* DESCRIPTION OF THE TASK *
Please give back, exactly as written, the lines from the line with "Photo 2 of Unit" to the line with "Trevi Comfortable Terrace Apartment" in the listing below, leaving out all pictures.

* INFORMATION *
━━━━━━━━

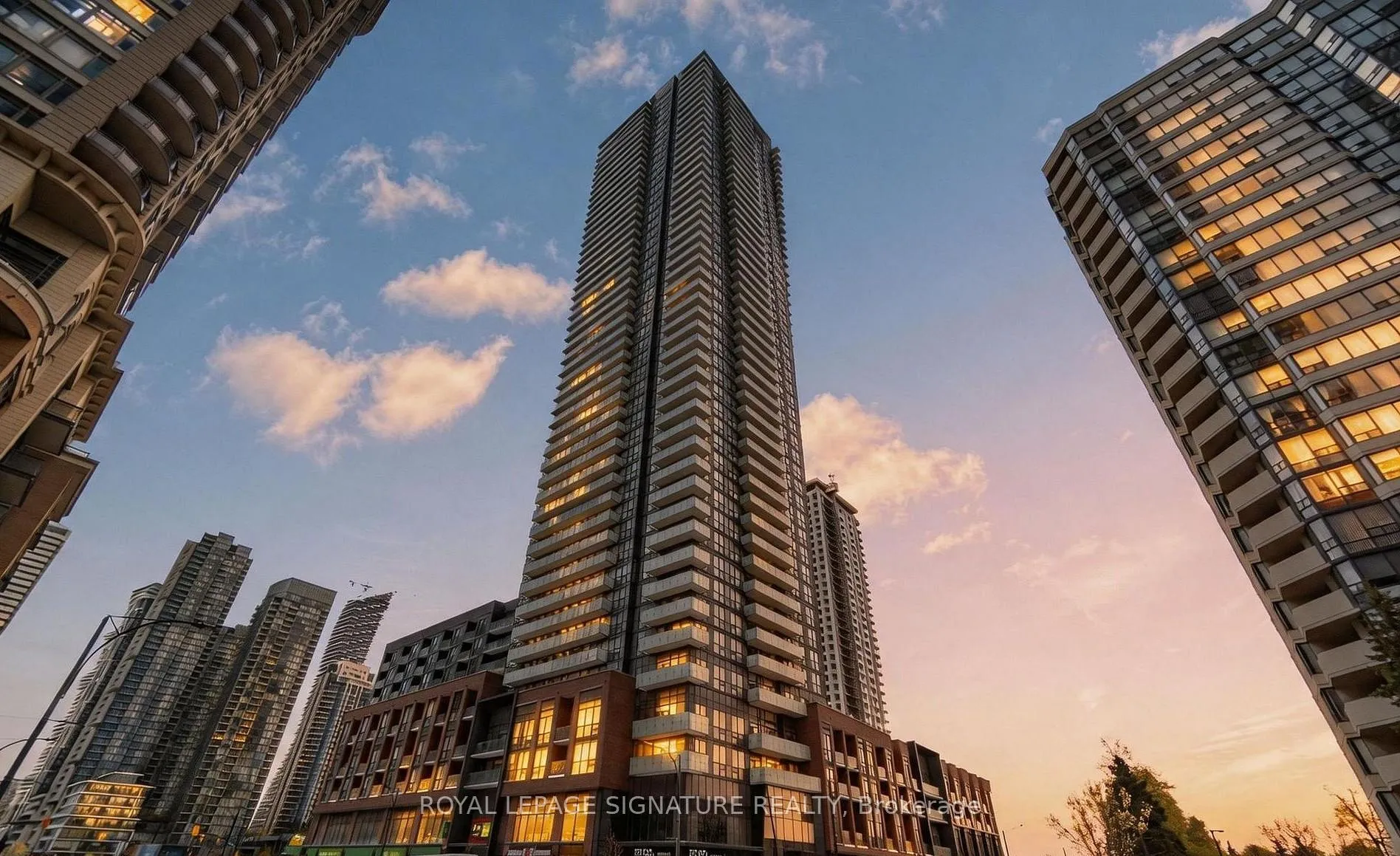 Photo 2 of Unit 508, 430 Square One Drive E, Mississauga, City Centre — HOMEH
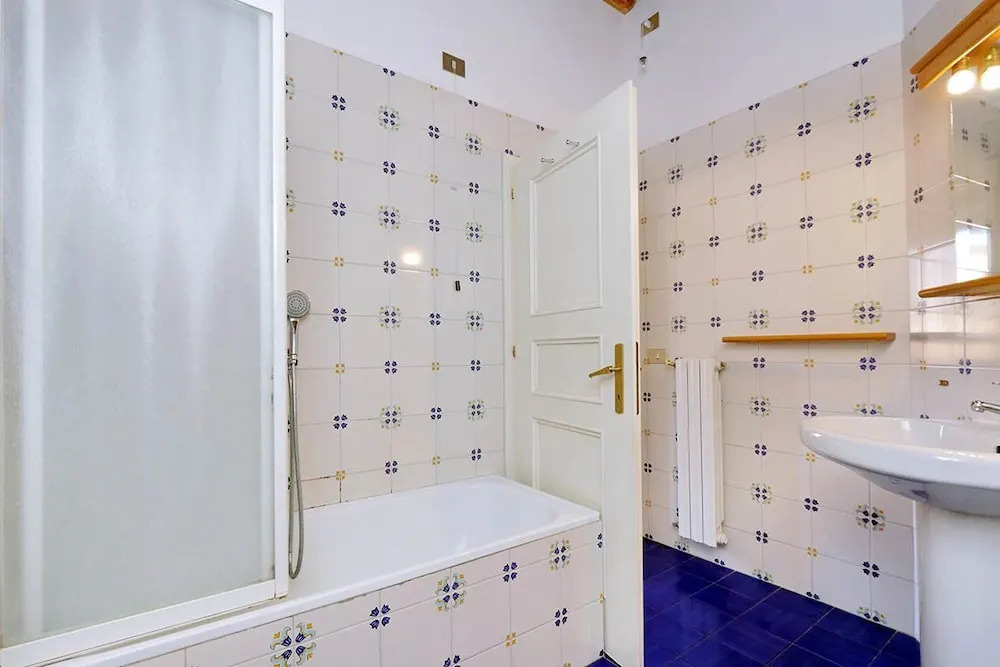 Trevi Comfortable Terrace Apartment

━━━━━━━━

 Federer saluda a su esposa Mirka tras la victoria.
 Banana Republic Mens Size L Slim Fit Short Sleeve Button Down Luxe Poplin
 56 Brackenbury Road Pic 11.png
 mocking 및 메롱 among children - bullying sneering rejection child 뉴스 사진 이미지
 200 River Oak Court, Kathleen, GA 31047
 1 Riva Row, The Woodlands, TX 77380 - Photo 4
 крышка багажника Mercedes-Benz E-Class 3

━━━━━━━━

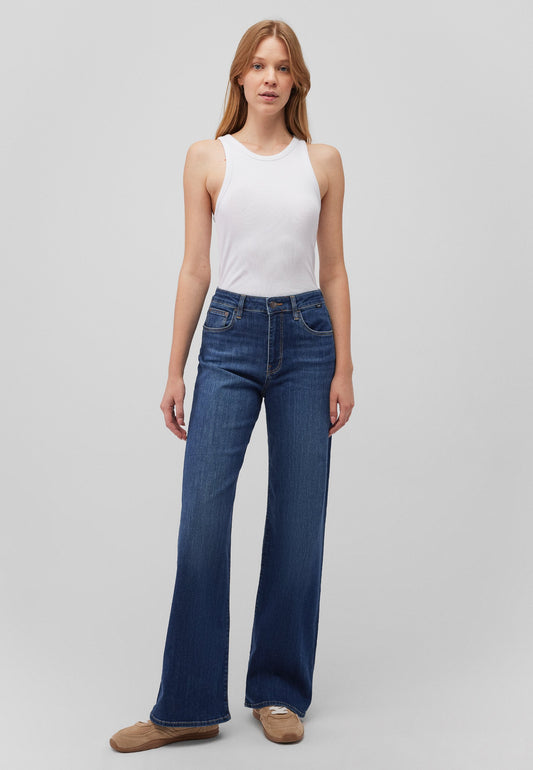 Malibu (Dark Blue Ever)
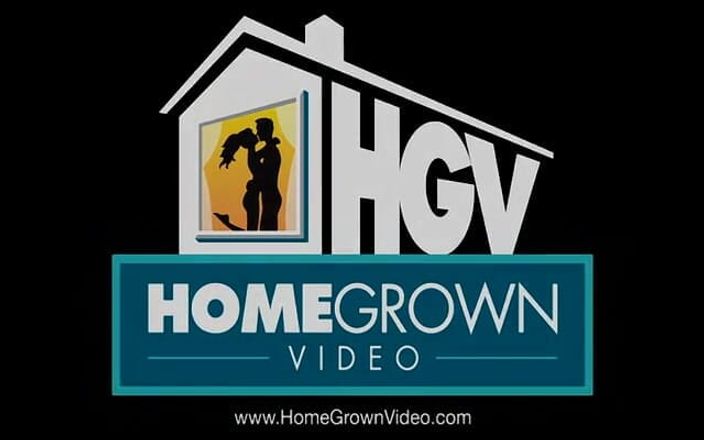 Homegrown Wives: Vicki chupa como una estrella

━━━━━━━━

* WRITTEN REPLY *
 Photo 2 of Unit 508, 430 Square One Drive E, Mississauga, City Centre — HOMEH
 Trevi Comfortable Terrace Apartment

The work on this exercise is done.